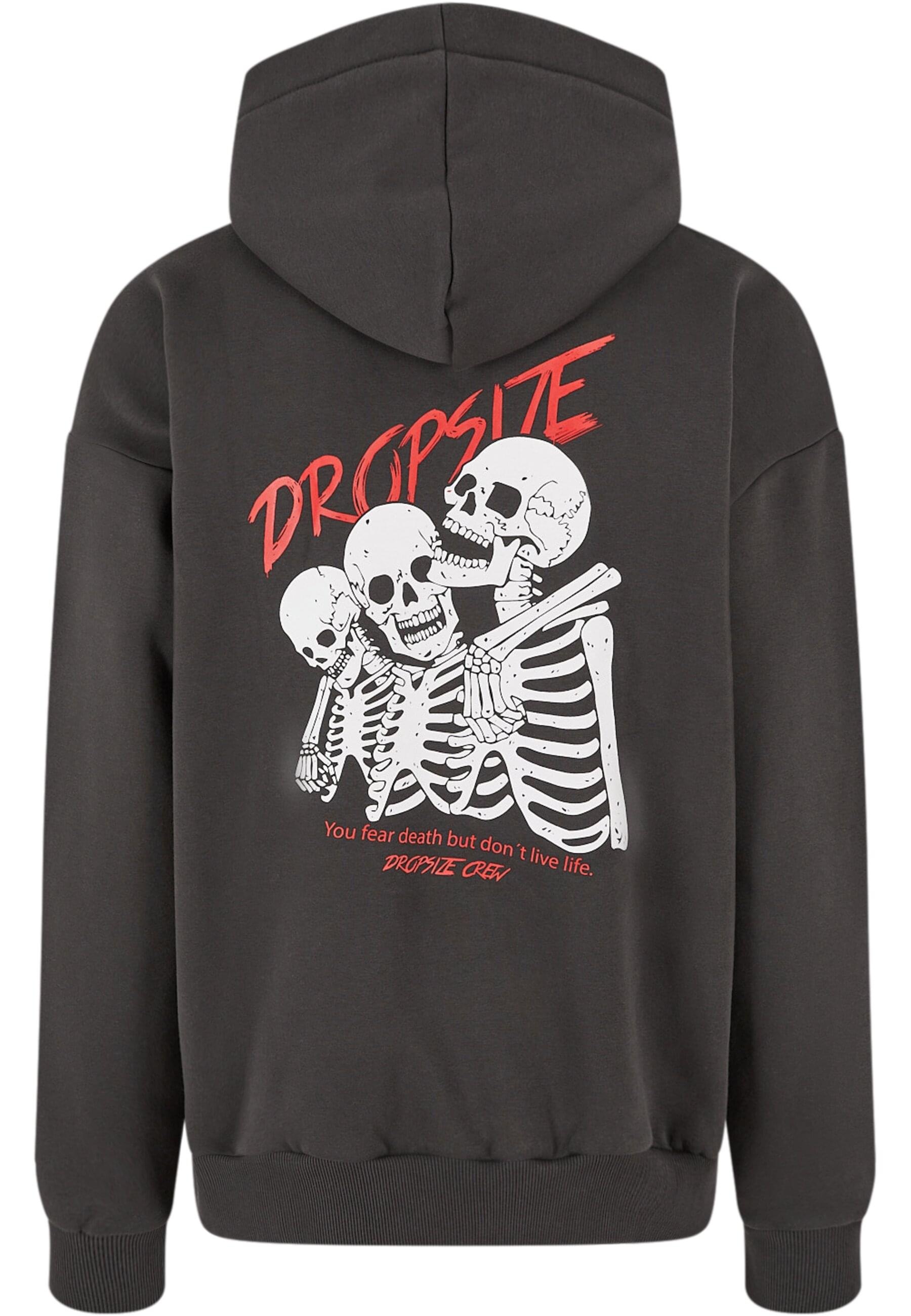 Dropsize Kapuzensweatshirt »Dropsize Herren Heavy Oversize Live Life Hoodie«, (1 tlg.)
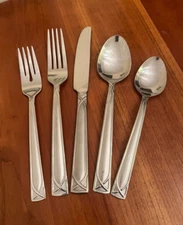 Cambridge CROSSROAD SAND  Glossy and Frosted Stainless Flatware - Choice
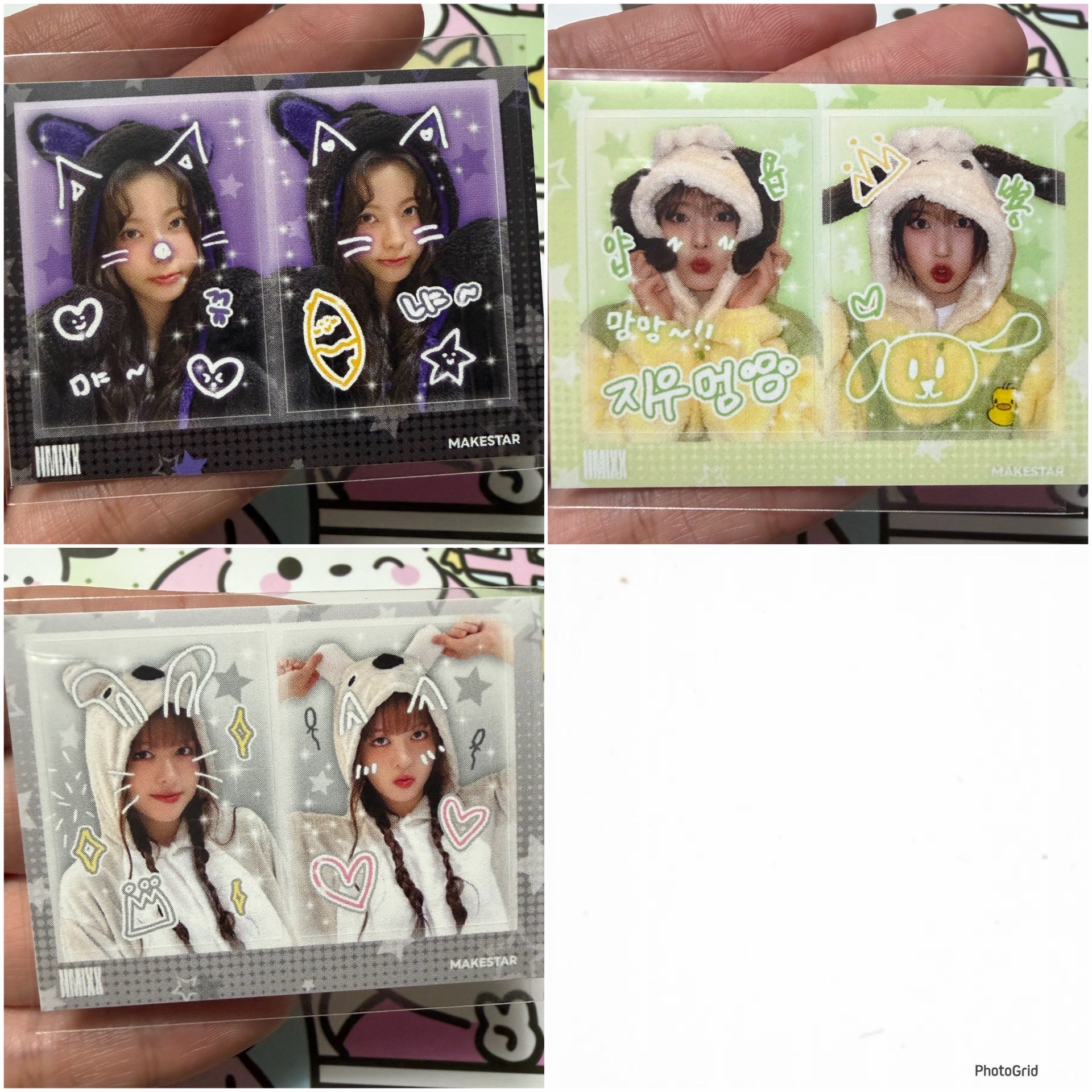 ⭐️FORWARD 動物睡衣 二宮格貼紙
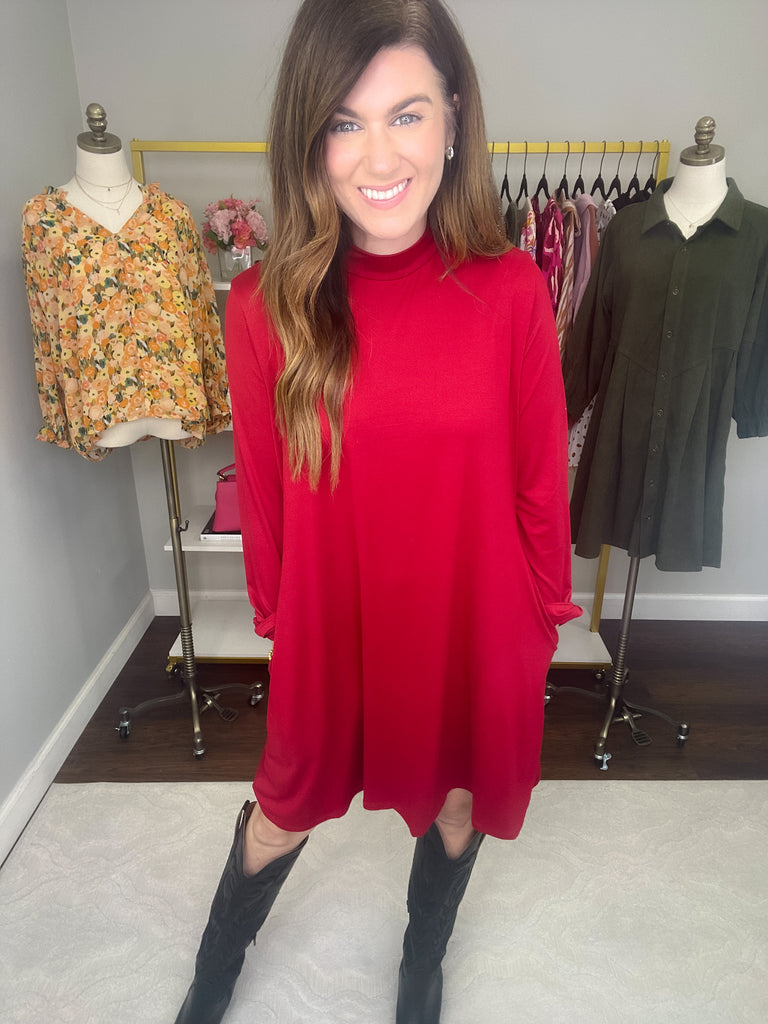 *BELLES & DOORBUSTER* Orla Dress in Burgundy *Final Sale*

▶ Activity: Repeat the listing in full and to the letter, excluding every image.

▶ Result:
 Dropsize Kapuzensweatshirt »Dropsize Herren Heavy Oversize Live Life Hoodie«, (1 tlg.)
 Cambridge CROSSROAD SAND  Glossy and Frosted Stainless Flatware - Choice
 ⭐️FORWARD 動物睡衣 二宮格貼紙
 *BELLES & DOORBUSTER* Orla Dress in Burgundy *Final Sale*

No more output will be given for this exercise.